Copy each line of the data below exactly, leaving out pictures.

---------- SUPPLIED DATA ----------

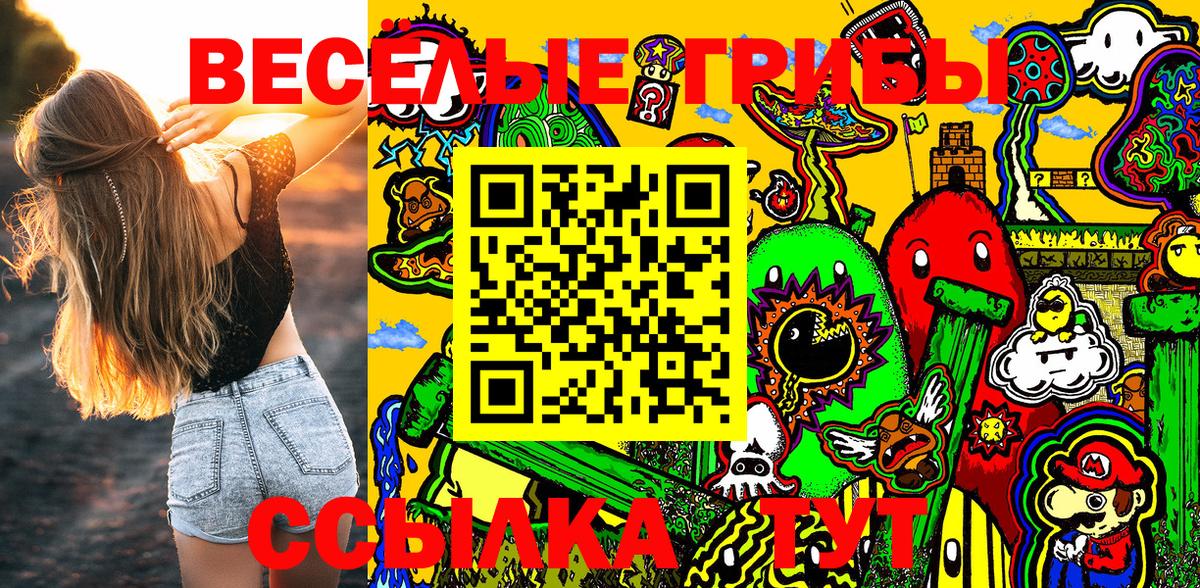 Псилоцибиновые грибы MAGIC MUSHROOMS  Галлюциногенные грибы Cubensis  Шали 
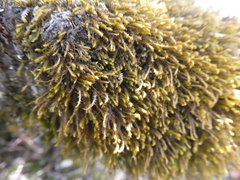 Herbertus aduncus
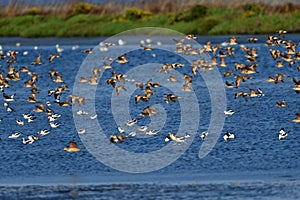 Flock of Sandpipers and American Avocets Flying Over the Lake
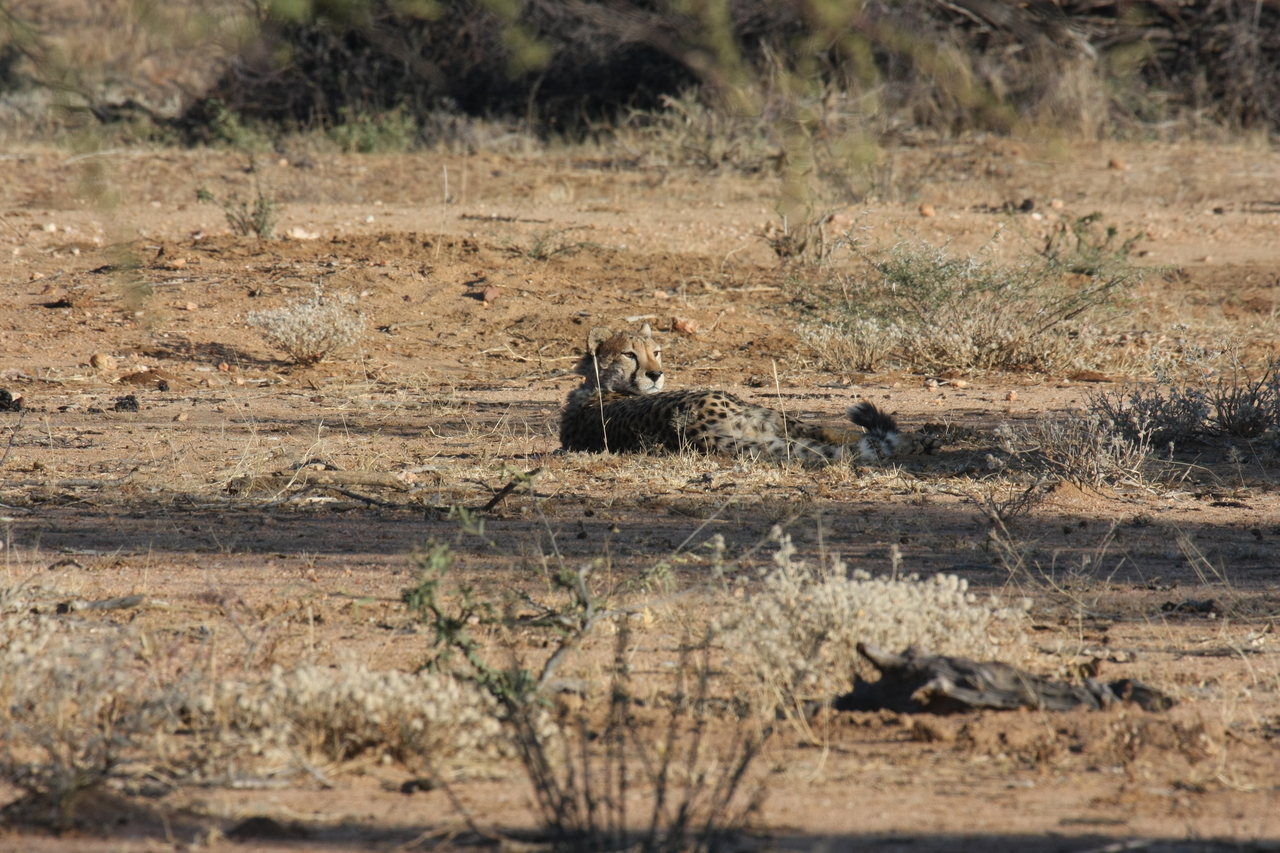 [733] 2016_06_22_02_43_16_Africa_Canon_EOS_40D_IMG__00067.jpg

----------

• _ANSWER SECTION_
 Псилоцибиновые грибы MAGIC MUSHROOMS  Галлюциногенные грибы Cubensis  Шали 
 Herbertus aduncus
 Flock of Sandpipers and American Avocets Flying Over the Lake
 [733] 2016_06_22_02_43_16_Africa_Canon_EOS_40D_IMG__00067.jpg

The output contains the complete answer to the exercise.